Carefully digging, scraping and sifting. It's how archeologists seek clues into human history. Students at Appalachian State University learn these skills—and find cool artifacts—in a field archeology course each summer.
Tootsie Jablonski: This is archeological field school. Pretty much, we're just learning how to do archeology. It's a first-time experience for most of us. I love it. It's so much fun. It's everything that I had expected when I picked this major. You get to dig in the dirt all day. You get to go home feeling like you've done something.
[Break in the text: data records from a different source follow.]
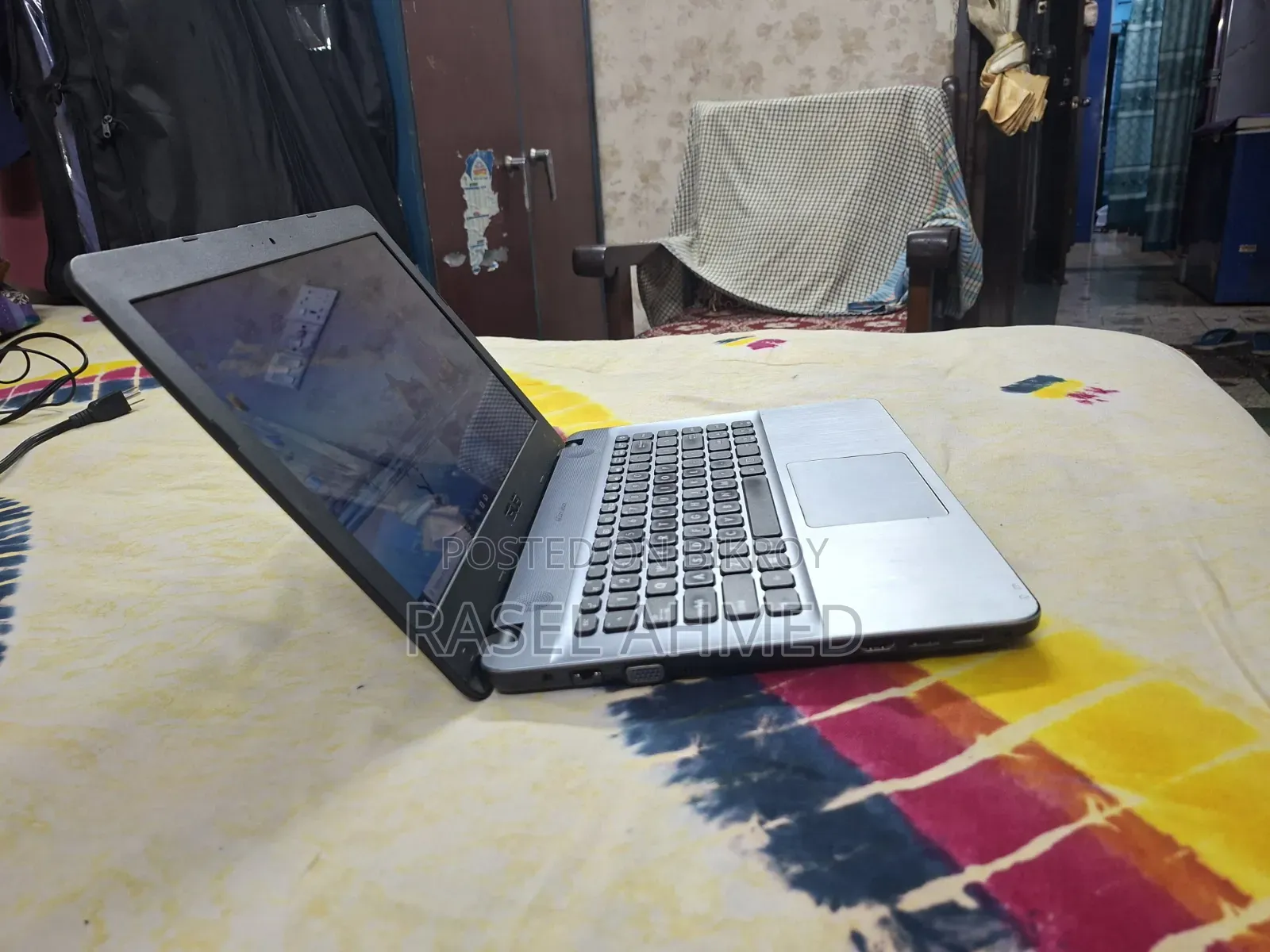 Laptop Asus 8GB Intel Core i3 HDD 1TB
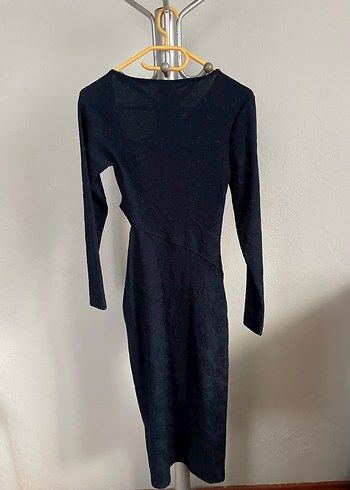 Zara Siyah V Yakalı Uzun Triko Elbise - Görsel 4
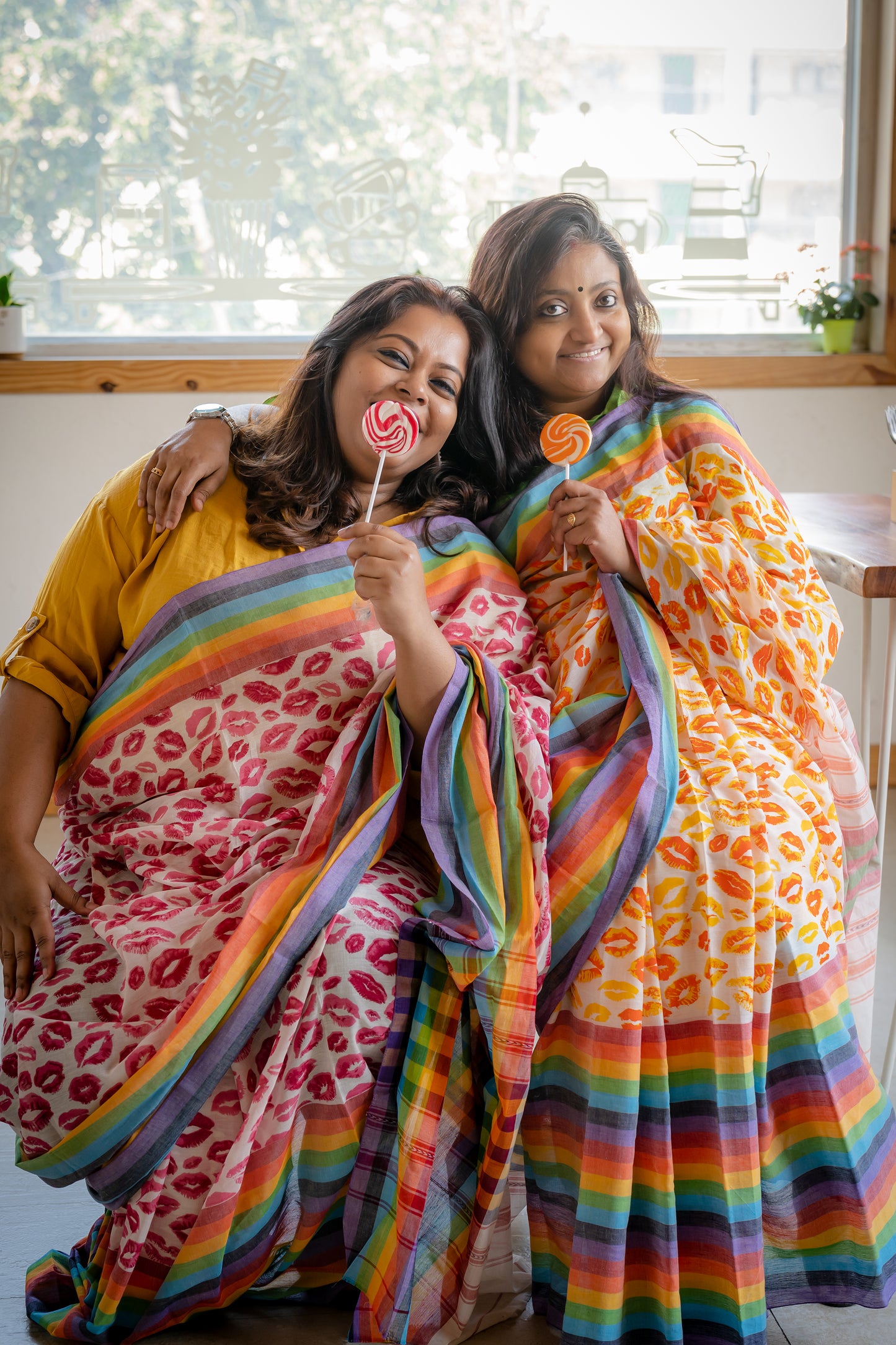 POUT PRETTY RAINBOW - YELLOW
Jeffrey Jones: We found a couple of points, a couple of scrapers, and a good amount of pottery. It's not a very significant site, but we're learning how to dig arbitrary levels and how to do test bits and, as Dr. Whyte says, "it's not what you find, it's what you find out."
Dr. Tom Whyte: This is a second terrace—an old flood plain overlooking the headwaters of the South Fork of the New River where it conflows with Dutch Creek in Ashe County. Not much is known about this area. We need to know what people were doing here in the past and when, what people's lives were like throughout pre-history in this area. This is a perfect setting for teaching—for teaching my students how to observe soil changes, to recover artifacts, to think about the human past, to sculpt the earth, to map and measure and use the tools of archeology. We're finding mostly prehistoric artifacts—artifacts that were left by native Americans before the whites came to the mountains here and we're finding artifacts from different time periods. We have found things that we think might be 12,000 years old, which would put the site into the late ice age.
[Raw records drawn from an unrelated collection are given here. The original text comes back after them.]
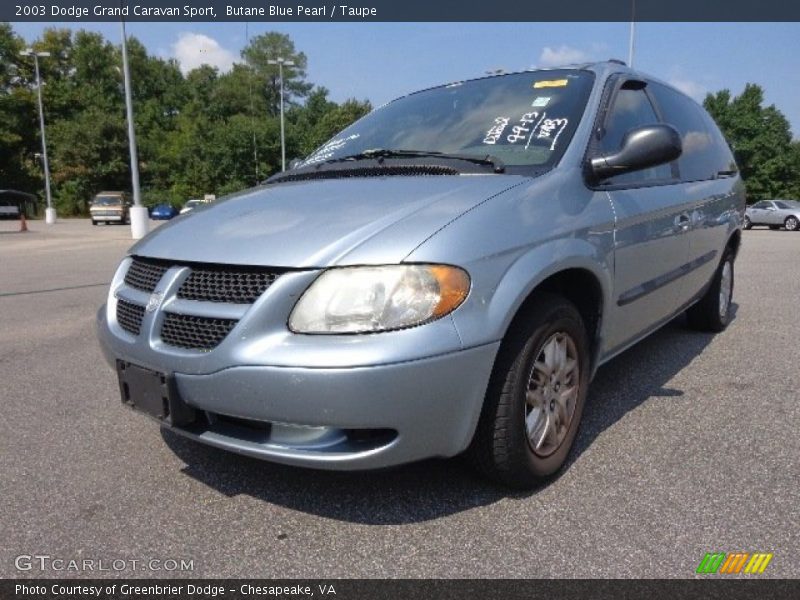 Front 3/4 View of 2003 Grand Caravan Sport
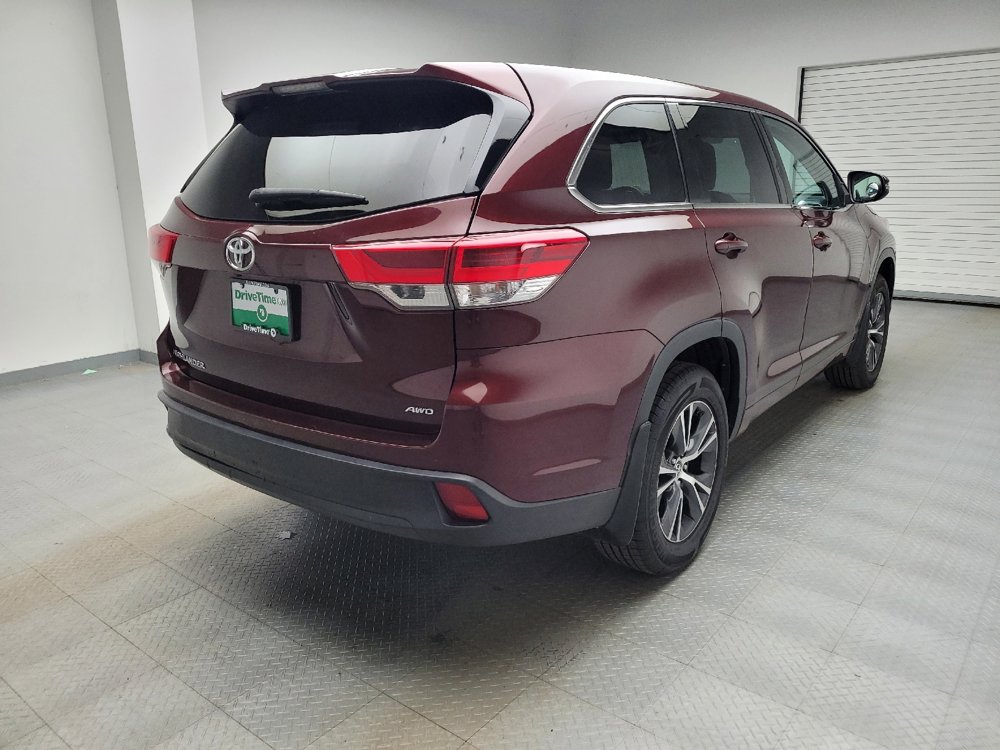 Used 2018 Toyota Highlander LE image 9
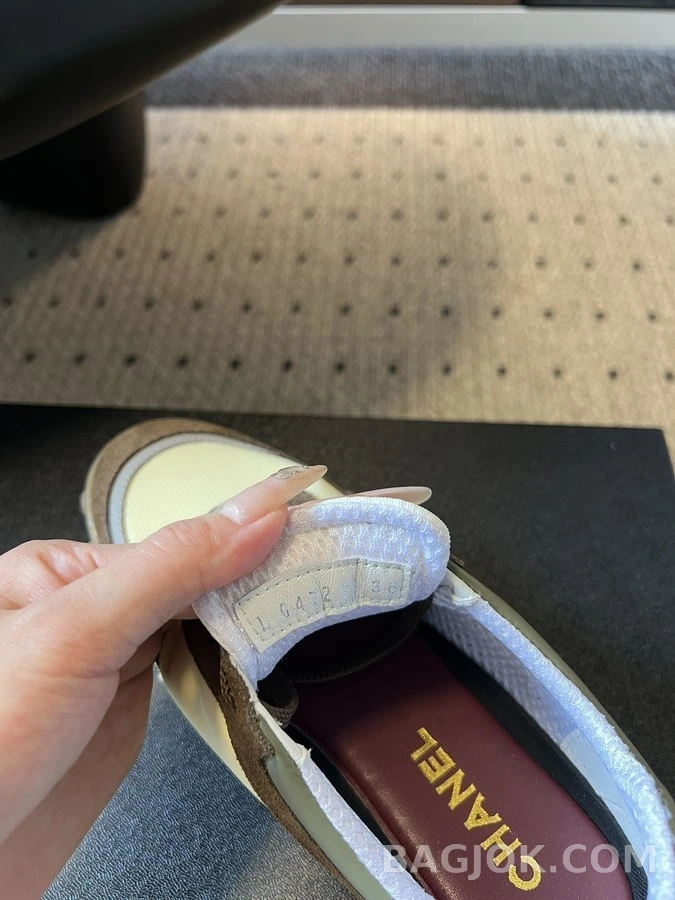 샤넬 샤넬 레트로 스웨이드 로고 스니커즈 상세 이미지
TJ: This is a Morrow Mountain point. Once they made a stone tool, they would frequently re-sharpen it so they wouldn't have to find new lithic materials. Something that could have started out inches bigger would have constantly been chipped away and chipped away. It's made out of local quartz and would be about 7,500 years old. It was the most exciting thing of my life at that point. I ran over to Dr. Whyte and I washed it off. He told me what it was and I put on my Facebook status that I had found something cool. In class we study all of the different types of points and the different lithic materials used, but when you actually come out here and take it out of the ground and look at it... it makes everything more real and it makes it a lot easier to remember. We really do have one of the best Anthropology departments, period. We have some amazing professors that have really changed Southeastern archeology. To get to be with them, in their classes, to learn from them—it's a really great experience.
JJ: It's been really great working with Dr. Whyte. He's very knowledgeable. He's enthusiastic, helpful and friendly.
TJ: It's exciting to think that maybe one day I'll have a specialty and be able to do something like he's doing. What job could be better than getting to play in the dirt all day. Right?